• [Material shown]
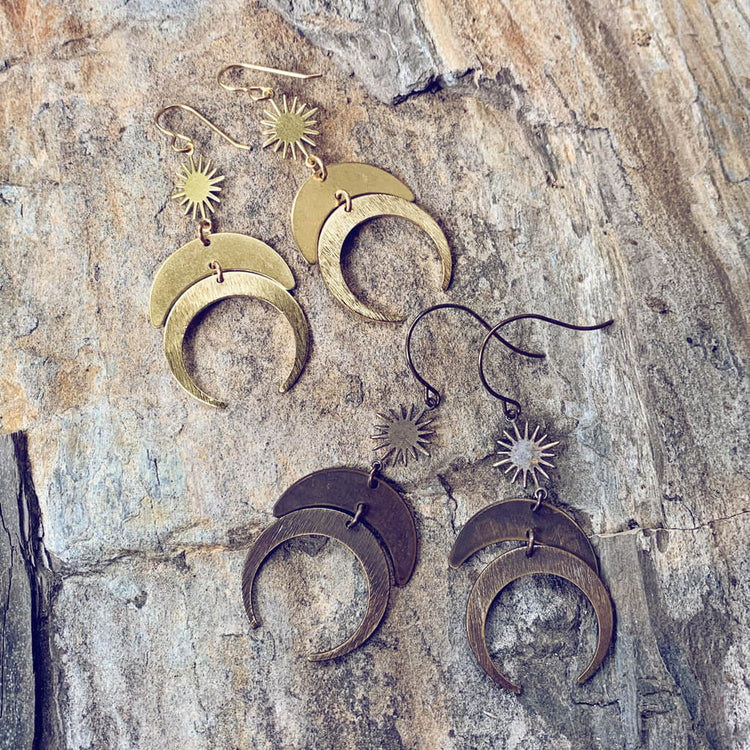 stardust & moondust // boho brass sun and moon dangle earrings - Peacock & Lime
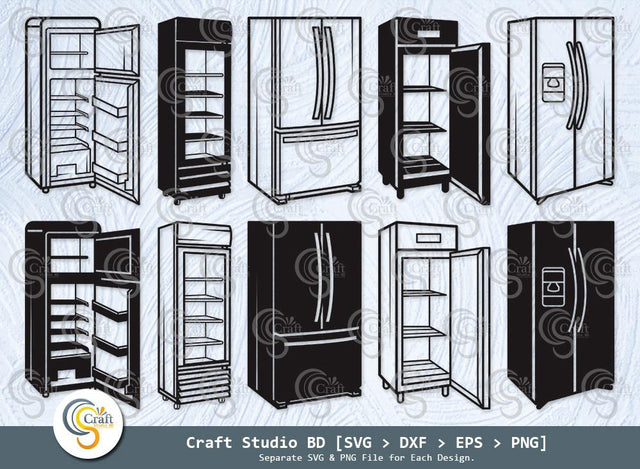 Refrigerator Silhouette, Refrigerator Stencil svg, Fridge Svg, Refrigerator Icon Svg, Freezer Svg, Retro Refrigerator Svg, Refrigerator Bundle SVG ETC Craft 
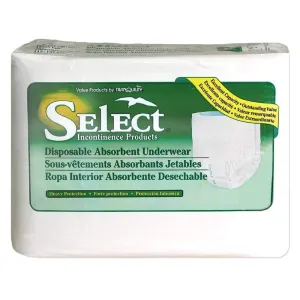 Select Disposable Absorbent Underwear - XX-Large 48/cs
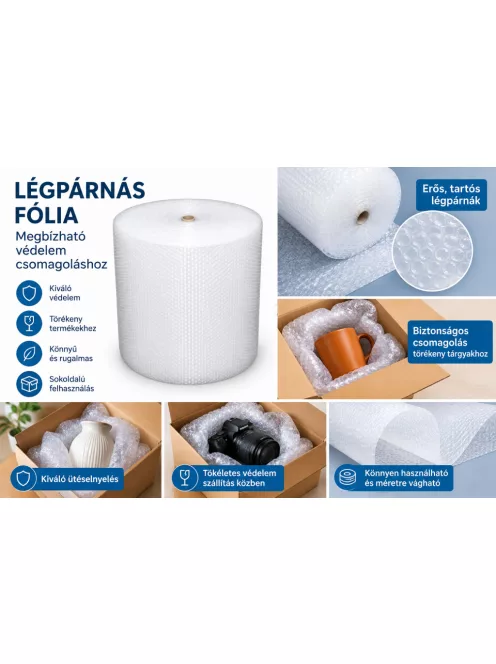Légpárnás fólia, bubis fólia tekercs - KIS KISZERELÉS 120x1.000 cm 
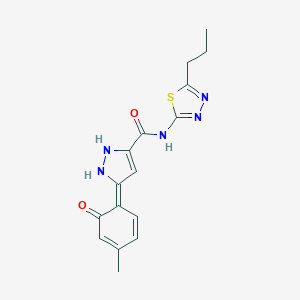 (5Z)-5-(4-methyl-6-oxocyclohexa-2,4-dien-1-ylidene)-N-(5-propyl-1,3,4-thiadiazol-2-yl)-1,2-dihydropyrazole-3-carboxamide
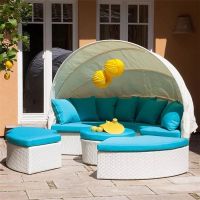۞⊕♂ Outdoor round bed courtyard rattan sofa open-air deck chair beach balcony swimming pool lazy outdoor chair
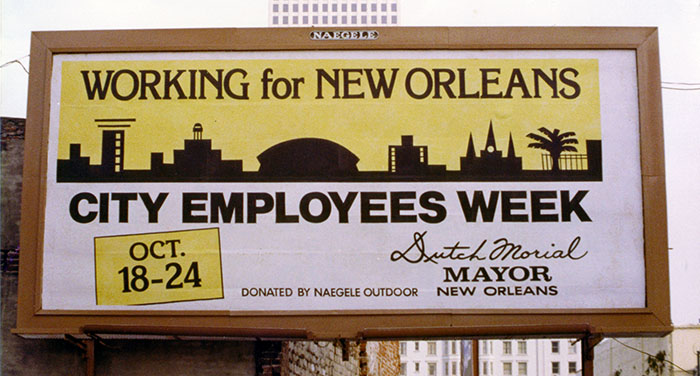 Billboard for City Employees Week in New Orleans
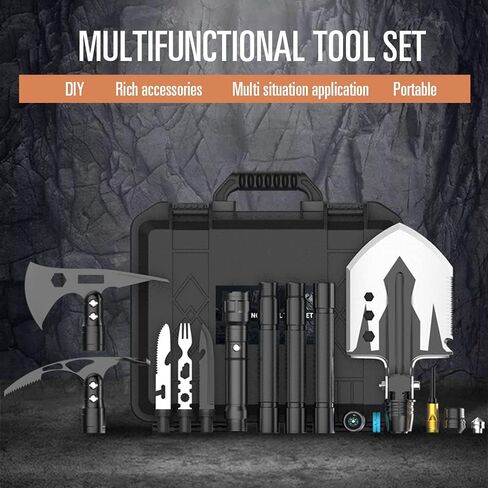 YANTOO Camping Multi-Purpose Tool Kits, Essential Car Rescue Tool Box, Military Folding Shovel, Rescue Kits with Pickaxe, Axe, Compass, Flashlight, etc. in Saudi Arabia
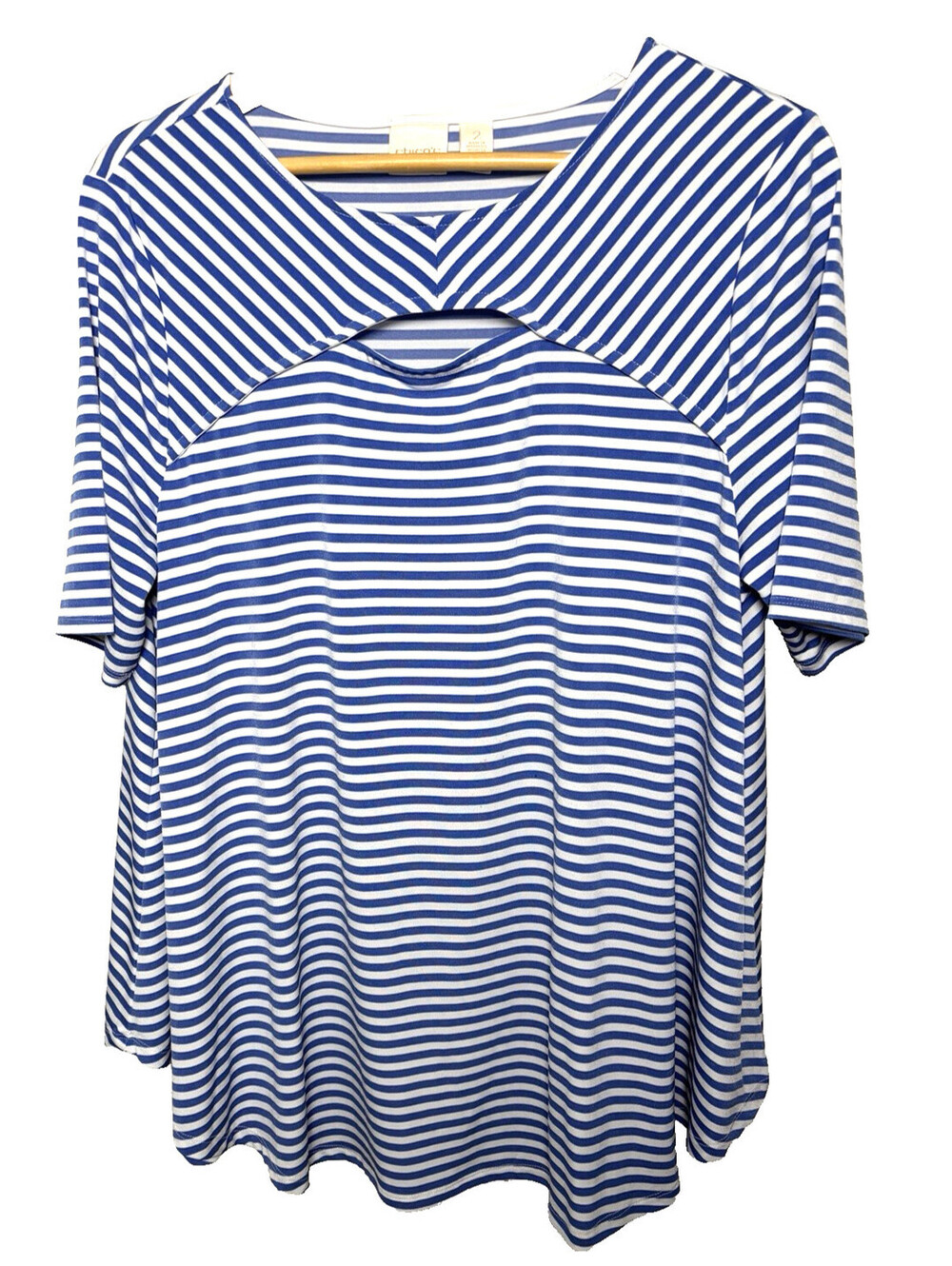 Chico's Top Black White Stripes Isla Capri Peek-a-Boo Cutout Tunic Size Large 2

• [Work order] In the entries above, find the line containing "YANTOO Camping Multi-Purpose". Transcribe it and every later line to the end, exactly, and leave out the pictures.

• [Result of this task]
 YANTOO Camping Multi-Purpose Tool Kits, Essential Car Rescue Tool Box, Military Folding Shovel, Rescue Kits with Pickaxe, Axe, Compass, Flashlight, etc. in Saudi Arabia
 Chico's Top Black White Stripes Isla Capri Peek-a-Boo Cutout Tunic Size Large 2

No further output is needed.